Nuclear island is the heart of the plant. It houses the nuclear system that produces the steam (NSSS – Nuclear Steam Supply System).
Nuclear island in 1.3 m thick reinforced concrete is designed to withstand any (highly unlikely) internal explosions, earthquakes and floods and to contain leakage of radioactive material from the innermost barriers (fuel and primary circuits).
In addition to all this, the reactor building is protected by a second reinforced concrete structure, 1.3 m thick, designed to withstand the impact of large civil aircraft in the case of accident/terrorist attack.
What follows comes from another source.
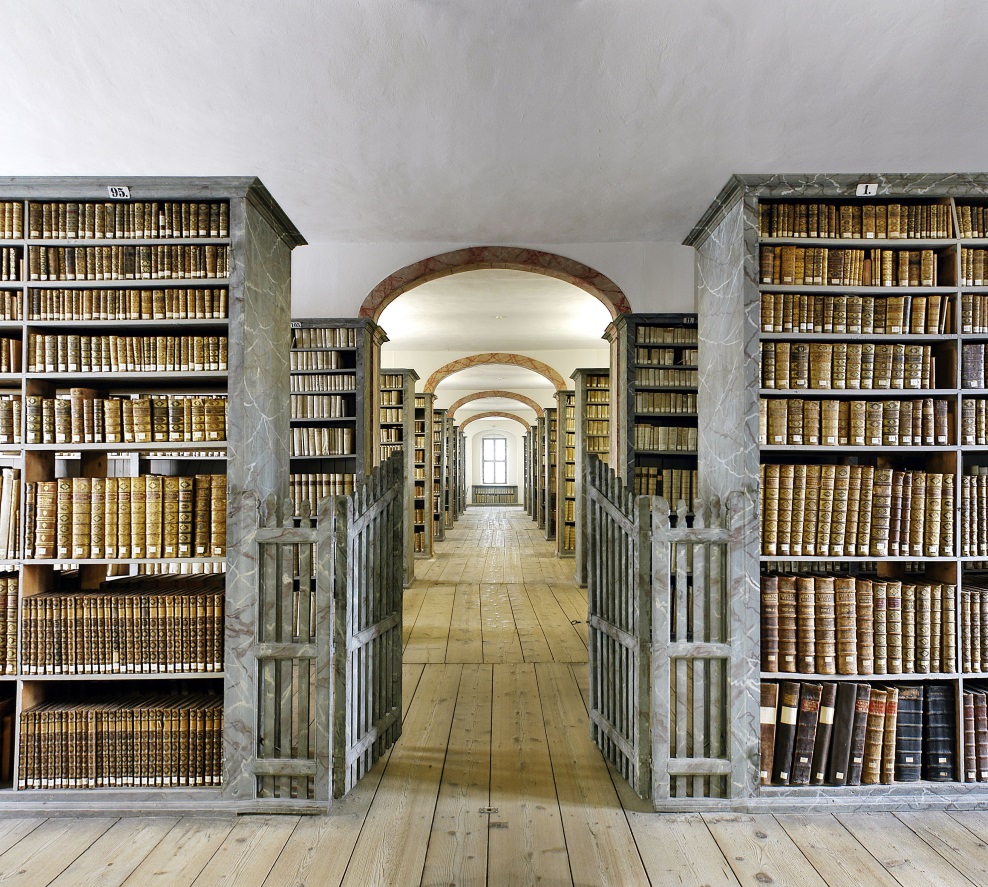 View into the so-called “scenic storage” of the Historical Library at the Francke Foundations: bookcases are aligned like stage sets, creating a unique spatial effect.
Inside it, the primary circuit comprises the following elements:
- The reactor, containing the nuclear fuel and the control systems;
- The pumps, for the heat carrying fluid, which ensure circulation of the coolant liquid (water);
- The pressurizer, used to control the pressure inside the primary circuit;
- The steam generators, where heat is exchanged between the primary circuit and the secondary circuit that drives the turbo generator.
The primary circuit is divided into four independent loops, each with a steam generator and pump.
Reactor buildings housing EPRs are larger than those housing other kinds of PWR; this increases the time available for emergency in the event of water leaks caused by accidental rupture of the primary circuit, because the pressure inside the building increases more slowly. In any case, the system is designed to prevent any escape of contaminated water from the primary circuit towards the exterior.